[MATERIAL PROVIDED — start]
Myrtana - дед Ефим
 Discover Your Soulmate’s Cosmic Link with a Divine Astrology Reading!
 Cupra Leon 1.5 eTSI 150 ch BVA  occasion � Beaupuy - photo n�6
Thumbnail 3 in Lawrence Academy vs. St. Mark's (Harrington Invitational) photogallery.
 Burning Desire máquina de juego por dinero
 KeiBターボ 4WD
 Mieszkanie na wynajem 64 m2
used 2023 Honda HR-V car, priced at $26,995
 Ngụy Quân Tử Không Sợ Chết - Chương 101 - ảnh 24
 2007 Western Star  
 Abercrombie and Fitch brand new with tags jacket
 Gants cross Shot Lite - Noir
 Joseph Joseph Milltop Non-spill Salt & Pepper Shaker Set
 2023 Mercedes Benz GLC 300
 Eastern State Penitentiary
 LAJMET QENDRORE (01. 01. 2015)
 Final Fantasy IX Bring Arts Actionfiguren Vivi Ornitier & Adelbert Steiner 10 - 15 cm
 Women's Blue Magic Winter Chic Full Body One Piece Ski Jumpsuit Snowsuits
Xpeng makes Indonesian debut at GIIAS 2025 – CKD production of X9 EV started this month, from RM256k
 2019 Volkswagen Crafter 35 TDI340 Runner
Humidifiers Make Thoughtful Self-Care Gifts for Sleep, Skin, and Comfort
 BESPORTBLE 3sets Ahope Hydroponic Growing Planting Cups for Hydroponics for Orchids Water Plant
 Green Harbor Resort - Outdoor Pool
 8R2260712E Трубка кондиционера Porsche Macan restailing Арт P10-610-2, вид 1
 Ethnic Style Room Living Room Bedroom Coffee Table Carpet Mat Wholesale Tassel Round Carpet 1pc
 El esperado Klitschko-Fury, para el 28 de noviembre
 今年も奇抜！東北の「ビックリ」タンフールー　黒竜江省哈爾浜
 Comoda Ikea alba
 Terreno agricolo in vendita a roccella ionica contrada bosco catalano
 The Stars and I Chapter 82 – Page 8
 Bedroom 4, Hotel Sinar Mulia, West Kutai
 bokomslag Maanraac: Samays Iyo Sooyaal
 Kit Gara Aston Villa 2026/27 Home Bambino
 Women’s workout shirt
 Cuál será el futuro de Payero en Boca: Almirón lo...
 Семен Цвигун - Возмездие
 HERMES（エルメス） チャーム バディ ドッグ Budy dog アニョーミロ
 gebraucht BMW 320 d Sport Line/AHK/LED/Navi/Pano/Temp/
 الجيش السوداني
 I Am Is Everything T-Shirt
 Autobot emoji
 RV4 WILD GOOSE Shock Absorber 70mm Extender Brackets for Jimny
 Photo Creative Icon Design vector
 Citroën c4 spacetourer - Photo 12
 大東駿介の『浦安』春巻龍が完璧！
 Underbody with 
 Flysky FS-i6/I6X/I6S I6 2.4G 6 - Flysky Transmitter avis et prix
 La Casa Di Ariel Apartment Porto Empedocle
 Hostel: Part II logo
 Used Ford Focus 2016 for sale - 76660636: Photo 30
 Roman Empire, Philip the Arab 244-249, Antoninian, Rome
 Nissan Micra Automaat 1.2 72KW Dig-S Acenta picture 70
[MATERIAL PROVIDED — finish]
WORK ORDER = Reproduce every entry, word for word.

EXERCISE RESPONSE =
Myrtana - дед Ефим
 Discover Your Soulmate’s Cosmic Link with a Divine Astrology Reading!
 Cupra Leon 1.5 eTSI 150 ch BVA  occasion � Beaupuy - photo n�6
Thumbnail 3 in Lawrence Academy vs. St. Mark's (Harrington Invitational) photogallery.
 Burning Desire máquina de juego por dinero
 KeiBターボ 4WD
 Mieszkanie na wynajem 64 m2
used 2023 Honda HR-V car, priced at $26,995
 Ngụy Quân Tử Không Sợ Chết - Chương 101 - ảnh 24
 2007 Western Star  
 Abercrombie and Fitch brand new with tags jacket
 Gants cross Shot Lite - Noir
 Joseph Joseph Milltop Non-spill Salt & Pepper Shaker Set
 2023 Mercedes Benz GLC 300
 Eastern State Penitentiary
 LAJMET QENDRORE (01. 01. 2015)
 Final Fantasy IX Bring Arts Actionfiguren Vivi Ornitier & Adelbert Steiner 10 - 15 cm
 Women's Blue Magic Winter Chic Full Body One Piece Ski Jumpsuit Snowsuits
Xpeng makes Indonesian debut at GIIAS 2025 – CKD production of X9 EV started this month, from RM256k
 2019 Volkswagen Crafter 35 TDI340 Runner
Humidifiers Make Thoughtful Self-Care Gifts for Sleep, Skin, and Comfort
 BESPORTBLE 3sets Ahope Hydroponic Growing Planting Cups for Hydroponics for Orchids Water Plant
 Green Harbor Resort - Outdoor Pool
 8R2260712E Трубка кондиционера Porsche Macan restailing Арт P10-610-2, вид 1
 Ethnic Style Room Living Room Bedroom Coffee Table Carpet Mat Wholesale Tassel Round Carpet 1pc
 El esperado Klitschko-Fury, para el 28 de noviembre
 今年も奇抜！東北の「ビックリ」タンフールー　黒竜江省哈爾浜
 Comoda Ikea alba
 Terreno agricolo in vendita a roccella ionica contrada bosco catalano
 The Stars and I Chapter 82 – Page 8
 Bedroom 4, Hotel Sinar Mulia, West Kutai
 bokomslag Maanraac: Samays Iyo Sooyaal
 Kit Gara Aston Villa 2026/27 Home Bambino
 Women’s workout shirt
 Cuál será el futuro de Payero en Boca: Almirón lo...
 Семен Цвигун - Возмездие
 HERMES（エルメス） チャーム バディ ドッグ Budy dog アニョーミロ
 gebraucht BMW 320 d Sport Line/AHK/LED/Navi/Pano/Temp/
 الجيش السوداني
 I Am Is Everything T-Shirt
 Autobot emoji
 RV4 WILD GOOSE Shock Absorber 70mm Extender Brackets for Jimny
 Photo Creative Icon Design vector
 Citroën c4 spacetourer - Photo 12
 大東駿介の『浦安』春巻龍が完璧！
 Underbody with 
 Flysky FS-i6/I6X/I6S I6 2.4G 6 - Flysky Transmitter avis et prix
 La Casa Di Ariel Apartment Porto Empedocle
 Hostel: Part II logo
 Used Ford Focus 2016 for sale - 76660636: Photo 30
 Roman Empire, Philip the Arab 244-249, Antoninian, Rome
 Nissan Micra Automaat 1.2 72KW Dig-S Acenta picture 70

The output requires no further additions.